At the moment we don’t have all the answers to this. We know there are many factors which can increase the risk of a baby having a neural tube defect. In most cases, an encephalocele occurs sporadically (out of the blue), but some can occur where there is a previous family history of neural tube defects.

Occipital encephaloceles are more common in Europe and North America, whereas anterior encephaloceles are more common in Southeast Asia, Africa, Malaysia and Russia. They occur in 1 in every 5,000 births.

How is an encephalocele diagnosed?

Occasionally, encephaloceles are small and aren’t diagnosed until the baby is born. Most often they are diagnosed by ultrasound scan early in pregnancy. Some parents may choose to end the pregnancy at this stage.

If the pregnancy continues, delivery of the baby is usually by a planned caesarean section. Further assessment and imaging of the baby after birth will provide more information to the extent of the encephalocele.

How will my baby be affected by an encephalocele?

The location of the encephalocele, its size, the contents of the protruding sac, and how it is treated – as well as the possibility of the presence of other conditions – will all affect the outcome for your baby.

Some very large encephaloceles may be incompatible with life, and affected babies may not survive the pregnancy.

For babies with a smaller anterior encephalocele, there’s less likelihood that brain tissue will protrude into the sac. In these cases, surgery – performed by a neurosurgeon – can have a good outcome.

Encephaloceles with small protruding sacs in the midline and occipital areas, and no involvement of brain tissue can usually be improved or reduced by neurosurgery.

Where brain tissue and blood vessels are present in the protruding sac, surgery is more difficult and may even be too risky to undertake. Consultations and assessments by specialists including neurosurgeons, craniofacial specialists and plastic surgeons (a multidisciplinary team) will be undertaken to decide if surgery is a possibility.

The risks are high and – if it can go ahead – surgery is performed in a specialist hospital which has previous experience of this type of surgery.

How soon will my baby have surgery?

This depends on the assessment of the baby, whether the protruding sac is covered in skin or just a fine membrane, and the contents of the sac. Extensive assessment will be required and it may be necessary for any planned intervention to be done in stages.

A shunt may be inserted to relieve some of the pressure caused by the build-up of cerebrospinal fluid.

Sometimes surgery may be done only to assist with management of the encephalocele and to help with palliative care.

What issues may be caused by the Encephalocele?

Each baby is different, and – much like approaches to surgery – the challenges they face will depend on the size and location of the encephalocele, as well as the extent of the involvement of brain tissue and blood vessels.

Small, frontal encephaloceles tend to have a better outcome with minimal issues
after surgery. Larger encephaloceles involving brain tissue and blood vessels pose a greater risk of associated difficulties.

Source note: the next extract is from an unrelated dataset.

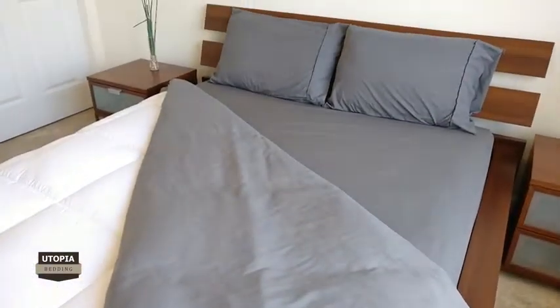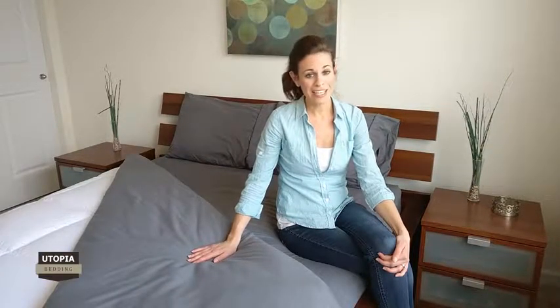The strong, durable, and wrinkle-resistant fabric of these sheets will provide a smooth finished look to your bed for years to come. Featuring a plain weave, these solid sheets, available in different colors and sizes, easily coordinate with any bedroom settings.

Common issues may include hydrocephalus, visual problems, epilepsy, neurological problems, developmental delay, paralysis of limbs, microcephaly, delayed growth, uncoordinated muscle movement, and learning disability.

Can I reduce the chances of this happening again?

Before planning another pregnancy, it is important to take a daily high dose of folic acid (5mg), which is available on prescription only, at least two months before conceiving. Vitamin B12 taken alongside may also help. By doing this the risk of conceiving a baby with any neural tube defect is greatly reduced. Genetic counselling may be helpful as part of your planning, and your GP can refer you for this.